À partir des images partagées par Zelensky, vous pouvez voir comment Peklo mesure environ un mètre de long et a une configuration à voilure fixe avec des ailerons doubles. Cependant, aucun autre détail technique n’est connu pour le moment, comme le plafond de vol, le type d’ogive, le poids maximum qu’elle peut transporter ou son coût unitaire, bien que les responsables ukrainiens l’aient qualifié de « rentable » par rapport aux missiles. bateaux de croisière traditionnels.
Le premier drone-missile
Fin août 2024, le président ukrainien lui-même a également confirmé sur les réseaux sociaux la première « performance réussie au combat », de Palianytsia, le premier drone de ce type développé par l’Ukraine. « La production de drones-fusées va croître, tout comme notre production de drones d’attaque à longue portée, dont nous constatons l’efficacité presque quotidiennement », a-t-il déclaré. L’annonce était accompagnée d’une vidéo promotionnelle montrant certaines qualités de la nouvelle arme et qui a été enregistrée par United 24, la plateforme officielle de collecte de fonds pour l’Ukraine.
Le Le mot Palianytsia fait référence à un type de pain ukrainien typique et que les Russes, en raison de différences linguistiques, « ne savent pas prononcer correctement », comme l’indique la vidéo promotionnelle. « Mais maintenant, ils vont apprendre ce mot sous un angle complètement différent. »
Sauf le lancement depuis une plateforme posée sur la terre ferme et utilisation d’un turboréacteurla plupart des caractéristiques techniques du Palianytsia sont également classifiées afin d’empêcher la divulgation de capacités à l’ennemi. Ils soulignent toutefois que leur rayon d’action se trouve dans leur champ d’action de deux douzaines de bases aériennes militaires russes, depuis la zone la plus occidentale bordant les pays baltes jusqu’à la zone orientale proche de la mer Noire.
L’équipe de production est composée de spécialistes dans différents domainesy compris des personnes qui « n’ont jamais travaillé avec des technologies axées sur la défense ». Cependant, comme ils le disent dans la vidéo, avec « l’agression de l’ennemi, ils ont pris en charge le développement de Palianytsia ».
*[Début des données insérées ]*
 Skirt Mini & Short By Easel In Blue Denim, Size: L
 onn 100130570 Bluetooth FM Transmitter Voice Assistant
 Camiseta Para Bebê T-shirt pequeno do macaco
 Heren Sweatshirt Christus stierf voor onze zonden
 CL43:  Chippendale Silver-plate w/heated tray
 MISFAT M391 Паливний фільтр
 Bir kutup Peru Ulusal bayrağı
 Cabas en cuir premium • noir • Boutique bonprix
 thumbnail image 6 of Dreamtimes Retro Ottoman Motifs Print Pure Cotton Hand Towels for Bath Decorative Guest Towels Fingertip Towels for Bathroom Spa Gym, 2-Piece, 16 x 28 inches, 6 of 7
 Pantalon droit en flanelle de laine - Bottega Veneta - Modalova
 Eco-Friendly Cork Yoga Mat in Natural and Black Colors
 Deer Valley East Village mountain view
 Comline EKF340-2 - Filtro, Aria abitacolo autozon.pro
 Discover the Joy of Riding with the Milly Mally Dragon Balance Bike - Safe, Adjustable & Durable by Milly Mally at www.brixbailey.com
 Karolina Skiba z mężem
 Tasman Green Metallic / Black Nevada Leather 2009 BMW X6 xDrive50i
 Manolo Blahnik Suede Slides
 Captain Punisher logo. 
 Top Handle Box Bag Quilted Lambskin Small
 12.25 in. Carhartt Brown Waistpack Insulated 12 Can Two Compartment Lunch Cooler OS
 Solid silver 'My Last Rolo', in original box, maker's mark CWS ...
Le travail a été conditionné par deux aspects inhabituels au sein de l’industrie militaire conventionnelle. Le premier est que le développement n’a pris qu’un an et demi. « Pour y parvenir, l’équipe a travaillé sans jours de repos ni de vacances pendant toute cette période », soulignent-ils, estimant qu’un retard entraînerait la perte de vies humaines ukrainiennes.
La deuxième particularité de Palianytsia est que les développeurs n’ont pas pris en compte la rentabilité du projet, ce qui n’est pas du tout courant au sein des entreprises dédiées à la défense. Le seules les priorités « sont la fiabilité et l’efficacité » sur le champ de bataille.
Au-delà des noms plus commerciaux, United 24 indique également qu’il s’agit équipé de contre-mesures électroniques qui lui permettent de voler dans un espace aérien au spectre radio compromis, l’une des spécialités des forces russes.
« Le drone se connecte directement au satellite pour connaître votre position exacte« . Mais si la connectivité est perdue, « il existe d’autres systèmes qui maintiennent la trajectoire requise » par les opérateurs militaires ukrainiens.
Concernant le coût unitaire, ils indiquent qu’il est « beaucoup inférieur à celui de ses homologues ». De plus, des travaux sont en cours pour réduire encore plus les coûts tout en augmentant la cadence de fabrication. Une proposition innovante qui s’est poursuivie avec Peklo et qui, semble-t-il, continuera à accroître sa présence sur le champ de bataille contre la Russie.